Modena, 12 March. (askanews) – Lot’s wife transformed into salt, Jonah into the whale, the Creation of the world: Photographs taken with a Polaroid long before Polaroid existed. This is the paradox that inhabits “Seeing is Believing”, Mishka Henner’s first Italian solo exhibition at the Ago Foundation in Modena. An artist who uses artificial intelligence to question everything we think we know about the photographic image.
“2026 – explains the curator Chiara Dall’Olio – marks two hundred years since the invention of photography and Modena, a city of photography and recognized by UNESCO for media arts, wanted to pay homage to this art. We therefore combined the two things, asking an artist who works with new image creation tools – from artificial intelligence onwards – to answer a question: what is photography today?”.

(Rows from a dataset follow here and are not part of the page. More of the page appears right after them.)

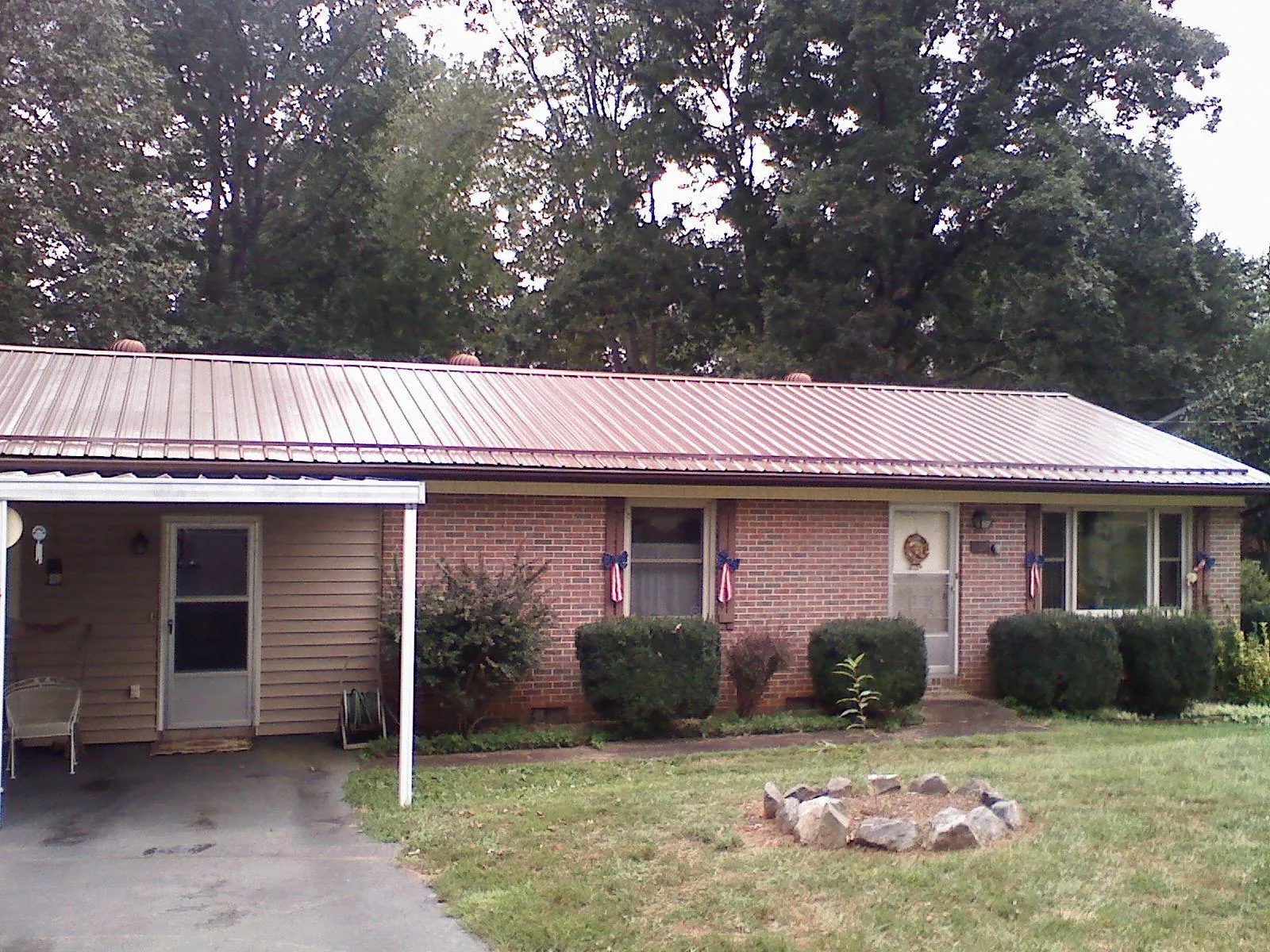 Bronze metal roof and carport on a brick ranch home — Roof Repair work by our crew in Ratliff City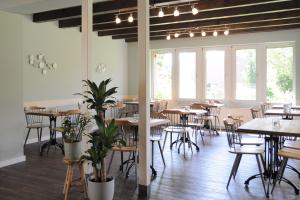 un comedor con mesas, sillas y ventanas en Landhotel Alte Schule - Hotel Garni, en Wangerland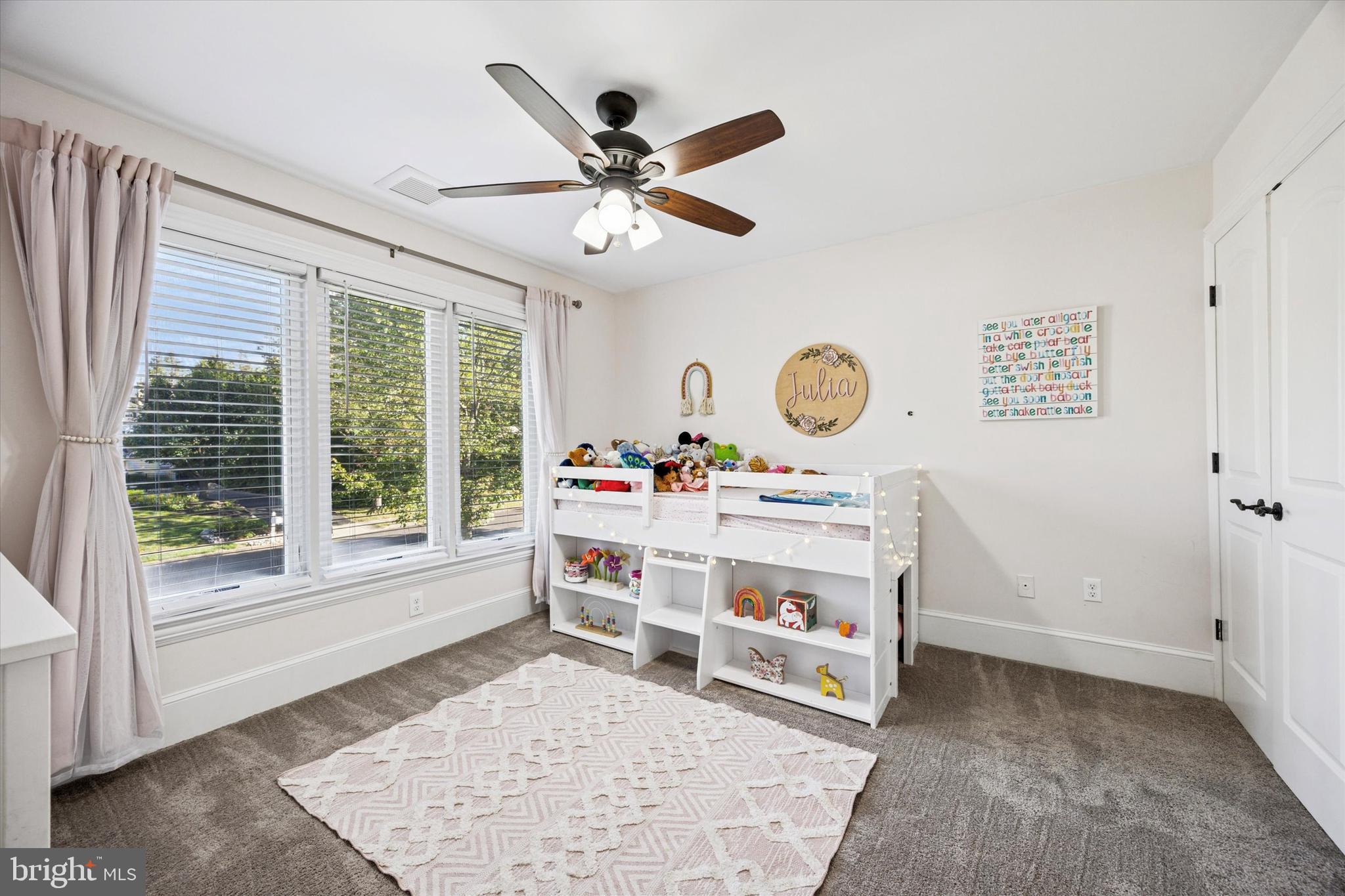 222 Windsor Way Doylestown, PA 18901 - Photo 23 of 42 a living room with a baby crib furniture and a window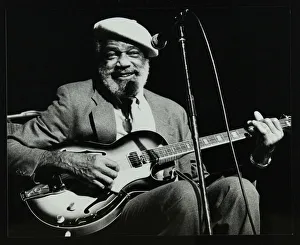 Hertfordshire Gallery: Slim Gaillard playing his guitar at the Forum Theatre, Hatfield, Hertfordshire, 13 November 1986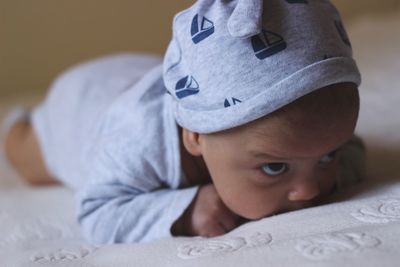 Cute baby boy lying on bed at home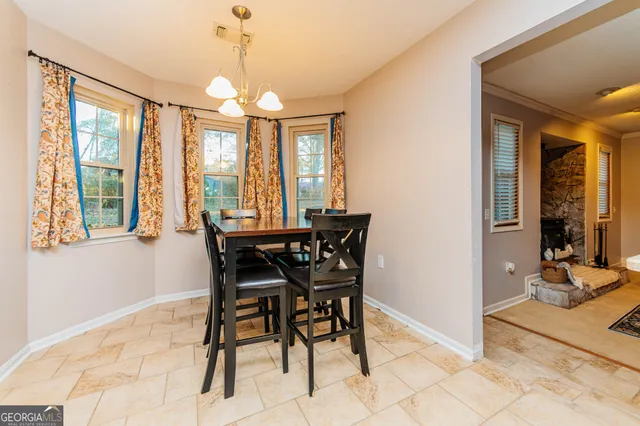 a dining room with chandelier and wooden floor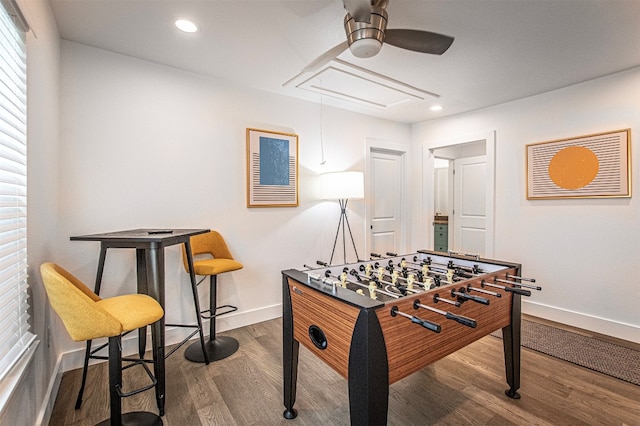 game room with hardwood / wood-style flooring and ceiling fan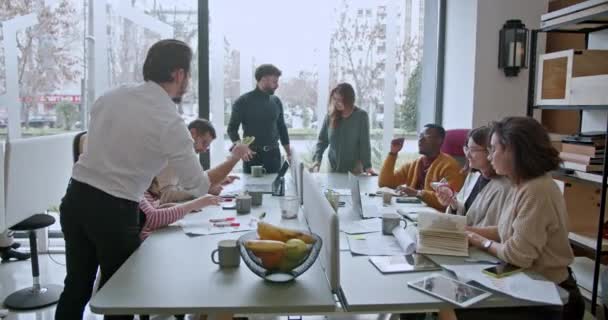 近代的なオフィスの設定でビジネスミーティング中に戦略ディスカッションに従事する企業従業員の多文化チーム — ストック動画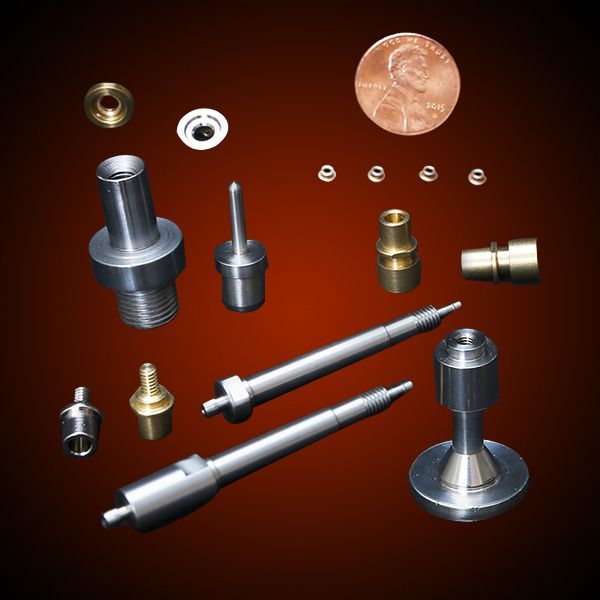 Assorted small metal machine parts, including tubes, pins, and a valve, next to a penny for scale.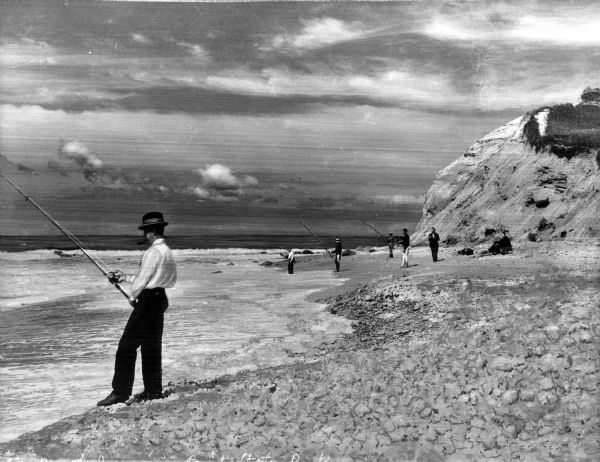 View of men surf fishing along a rocky shoreline at Point State Park.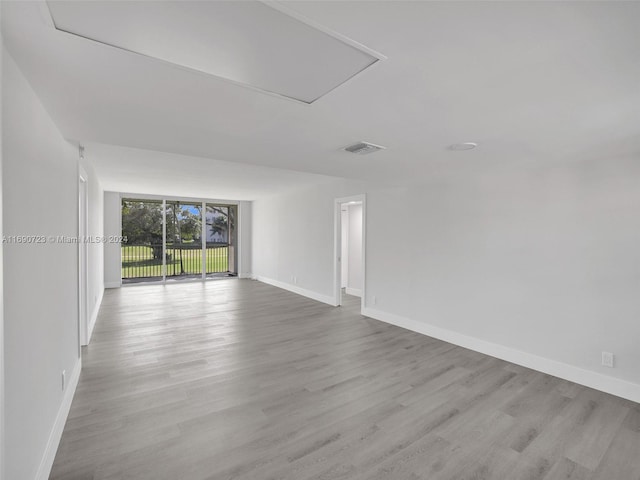 empty room with light wood-type flooring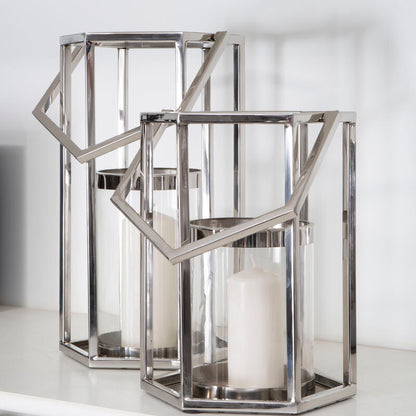 Decorative metal lantern with geometric design on a white surface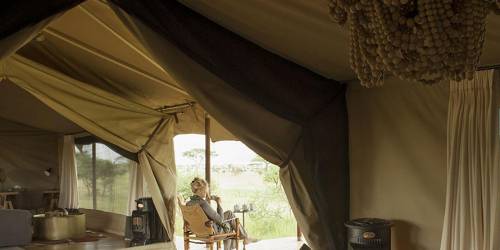 Luxurious tent interior with a woman relaxing on a wooden deck, featuring rustic decor and a chandelier made of beads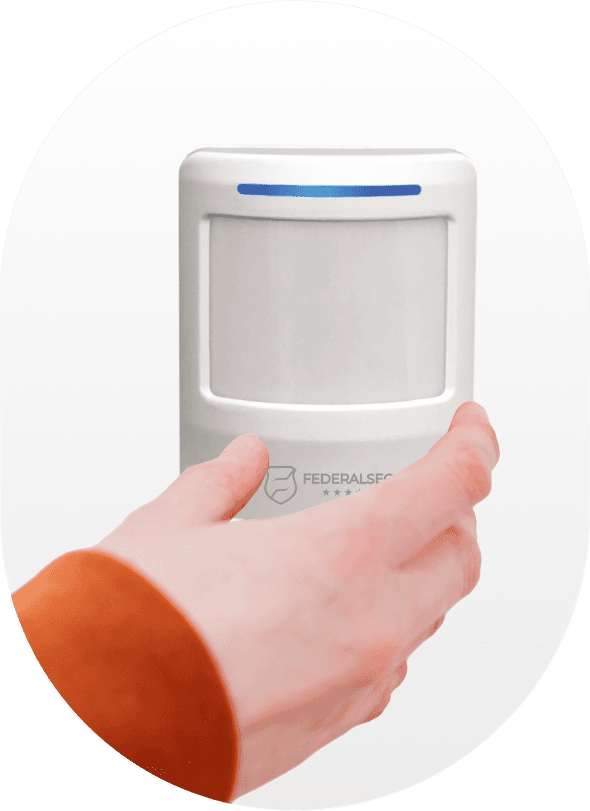 Mão instalando sensor de presença na parede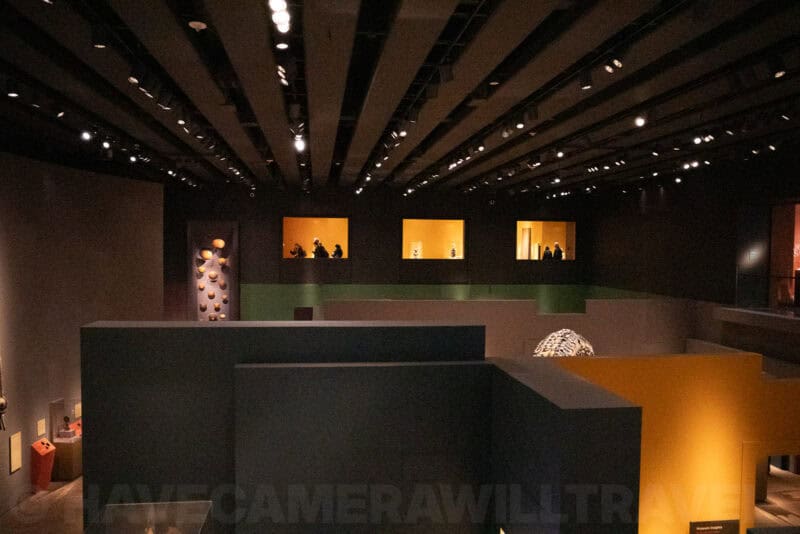 Dim museum gallery interior with illuminated display alcoves and visitors on an upper level
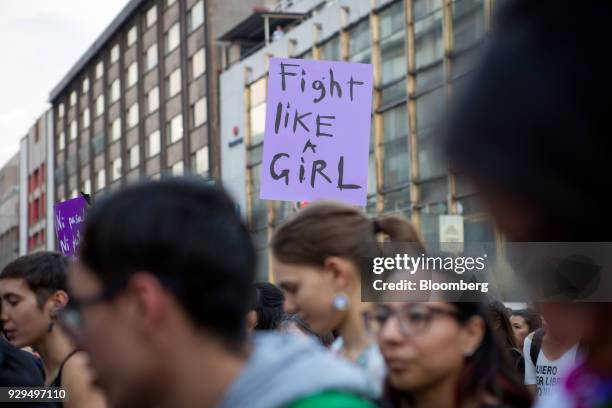 Demonstrators holds a sign that reads "Fight like a girl" during a national strike on International Women's Day in Mexico City, Mexico, on Thursday,...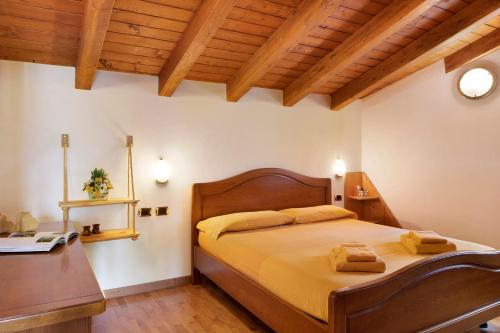 a bedroom with a large bed and a desk at Chalet Maffins 2 in Livigno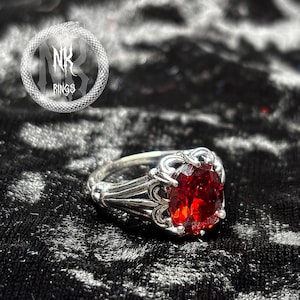 Może przedstawiać: Srebrny pierścionek z owalnym, ciemnoczerwonym kamieniem szlachetnym. Pierścionek ma bogaty, gotycki design ze skomplikowanymi detalami wokół kamienia. Logo "NK RINGS" znajduje się w okręgu w lewym górnym rogu.
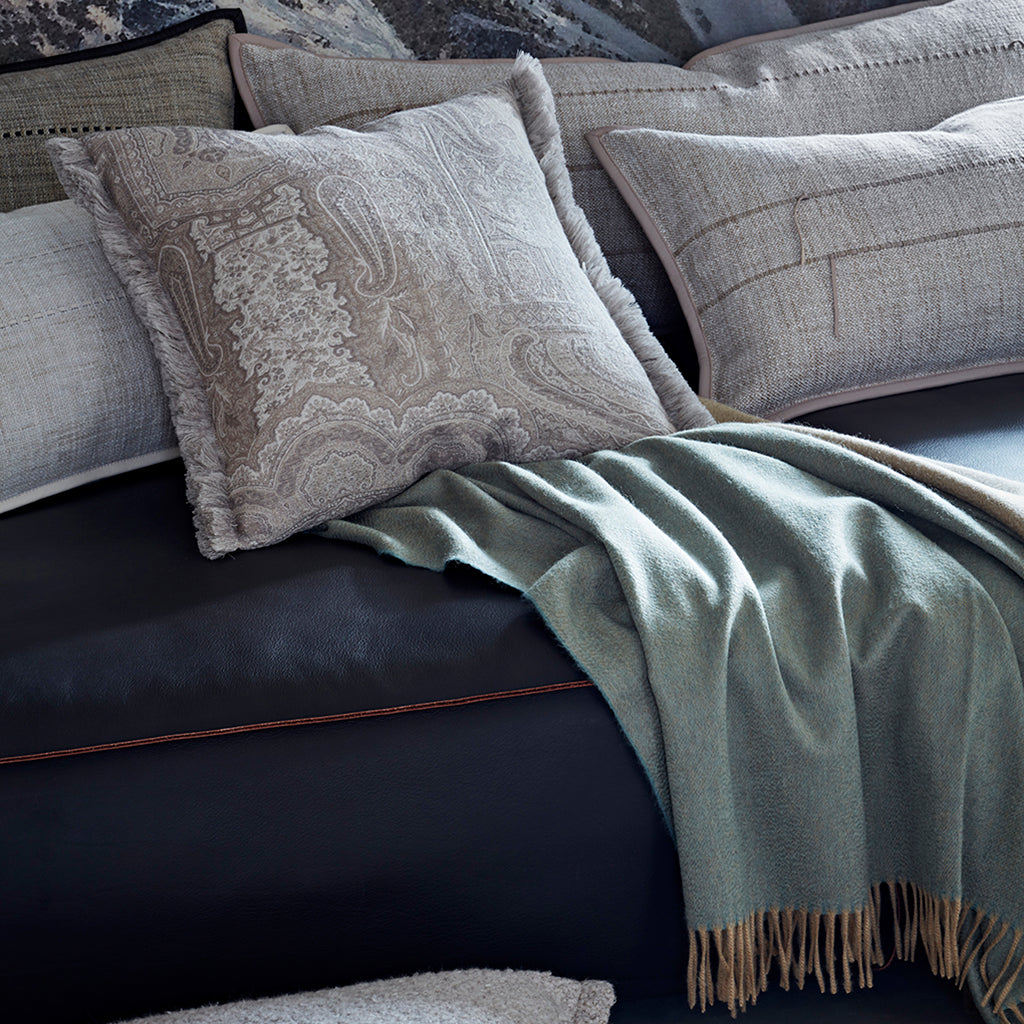Gray textured pillows and blanket on a dark sofa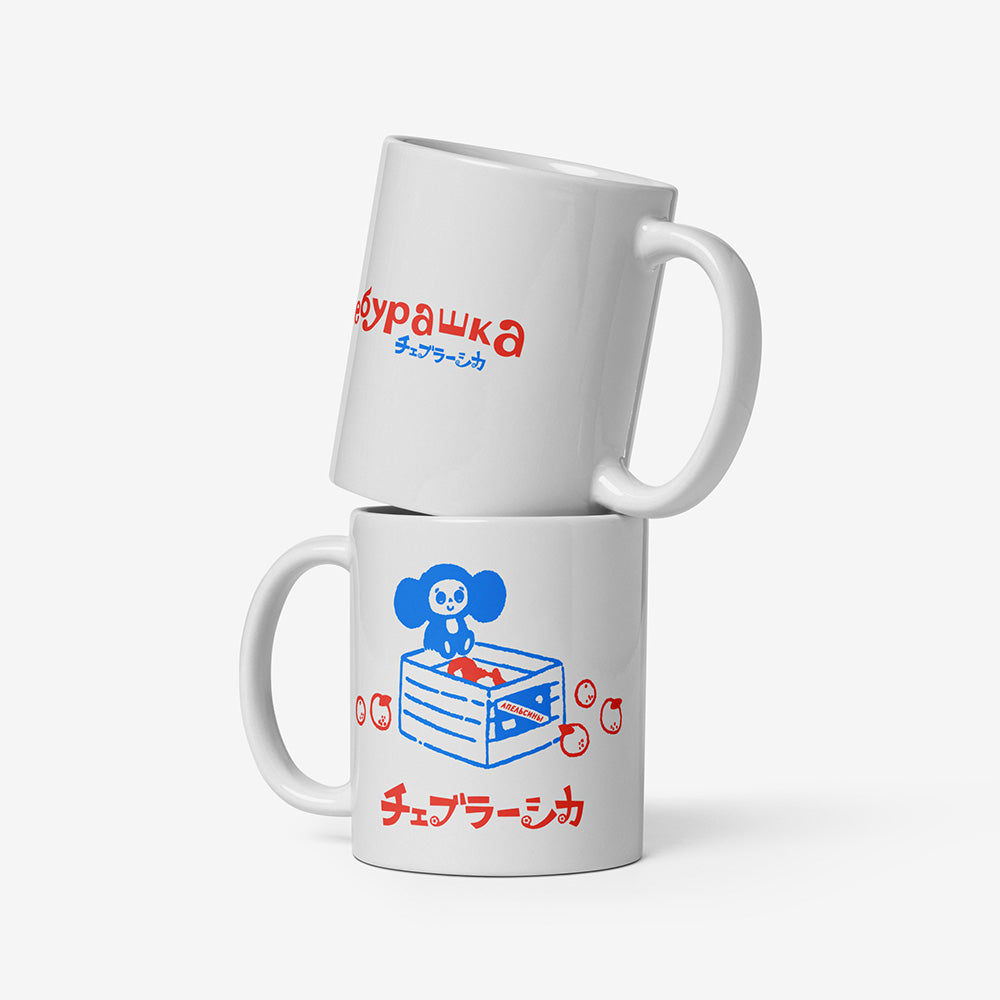 White ceramic mug with Soviet cartoon Cheburashka sitting on a box of oranges, and チェブラーシカ in Japanese below.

Four sections: from the word – with 1,400 definitions of “what is photography” collected on the Italian web – to the biblical episodes rendered in Polaroid, up to the portraits of Saint Francis, Saint Peter, Saint Brigida: icons generated by AI which are more realistic than the medieval paintings from which they are born. Credible. But not real.
“I am fascinated by the idea that with artificial intelligence photography has finally freed itself from the camera – says Mishka Henner -: in theory it is now possible to go back in time and photograph events that happened long before cameras existed”.
The journey ends with a single work: a screen that slowly scrolls through all the sixteen million colors that digital light can generate. Like a stained glass window. But contemporary. “The way we use screens and devices today – explains the artist – we carry them with us almost like reliquaries. They are sacred objects.”
“We – concludes Dall’Olio – ask the visitor to act as a clean slate and first of all ask themselves, almost before entering, what photography means to me today”.